Debugging the execution of PyODPS DataFrames - MaxCompute

Three debugging tools are available, ordered from lightweight to more involved:

Visualize the execution plan — see how PyODPS optimizes and merges your operations before execution
Inspect compiled SQL — verify the SQL that PyODPS generates for the MaxCompute SQL backend
Run locally with pandas — download a small sample and iterate quickly without scheduling a MaxCompute job

Visualize the execution plan

Visualizing the execution plan before you run a computation helps you identify where operations are merged into a single stage and where explicit stage boundaries exist. This reveals potential bottlenecks — such as operations that cannot be parallelized — before they affect production jobs.

Prerequisites: Install graphviz and the graphviz Python package.

Call .visualize() on any DataFrame to render its computation graph.

Example: operations merged into a single stage

When no cache boundary separates operations, PyODPS combines them automatically:

>>> df = iris.groupby('name').agg(id=iris.sepalwidth.sum())
>>> df = df[df.name, df.id + 3]
>>> df.visualize()

The graph shows that PyODPS merges the groupby and column filtering operations into a single stage.

Example: operations split across two stages

Inserting .cache() between operations forces a stage boundary:

>>> df = iris.groupby('name').agg(id=iris.sepalwidth.sum()).cache()
>>> df2 = df[df.name, df.id + 3]
>>> df2.visualize()

The graph now shows two stages because the .cache() call creates an explicit execution boundary. Comparing these two graphs makes it clear where stage splits occur and where merging is possible.

Inspect compiled SQL

Call .compile() to see the SQL that PyODPS generates for the MaxCompute SQL backend. Use this to verify that the generated query matches your intent before submitting a job.

>>> df = iris.groupby('name').agg(sepalwidth=iris.sepalwidth.max())
>>> df.compile()
Stage 1:

SQL compiled:

SELECT
  t1.`name`,
  MAX(t1.`sepalwidth`) AS `sepalwidth`
FROM test_pyodps_dev.`pyodps_iris` t1
GROUP BY
  t1.`name`

Run locally with pandas

For faster iteration, download a small data sample from MaxCompute and run it against the pandas computation backend. Because PyODPS uses the MaxCompute Tunnel service to download data directly, this bypasses the MaxCompute SQL backend scheduler entirely — no job scheduling wait.
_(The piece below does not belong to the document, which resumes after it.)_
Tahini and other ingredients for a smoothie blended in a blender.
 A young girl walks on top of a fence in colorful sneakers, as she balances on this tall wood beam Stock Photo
The following operations trigger a Tunnel download instead of a MaxCompute SQL job:

Non-partitioned table: select all or some rows, filter columns, or count rows. Column filtering does not compute column values.

>>> iris.count()
>>> iris['name', 'sepalwidth'][:10]

Partitioned table: select rows from all or the first several partition columns, filter columns, or count rows.

>>> df[:10]
>>> df[df.ds == '20160808']['f0', 'f1']
>>> df[(df.ds == '20160808') & (df.hh == 3)][:10]
>>> df[(df.ds == '20160808') & (df.hh == 3) & (df.mm == 15)]

Switch between local and production mode

Use a DEBUG flag to switch between local pandas execution and full MaxCompute execution:

>>> DEBUG = True
>>> if DEBUG:
>>> df = iris[:100].to_pandas(wrap=True)
>>> else:
>>> df = iris

Set DEBUG = True during development to download data locally. Set DEBUG = False before running in production to execute the full computation on MaxCompute.

Note

Local execution and MaxCompute execution are not equivalent. Some programs that pass local debugging may fail on MaxCompute due to sandbox restrictions. Always test in the production environment before relying on local results.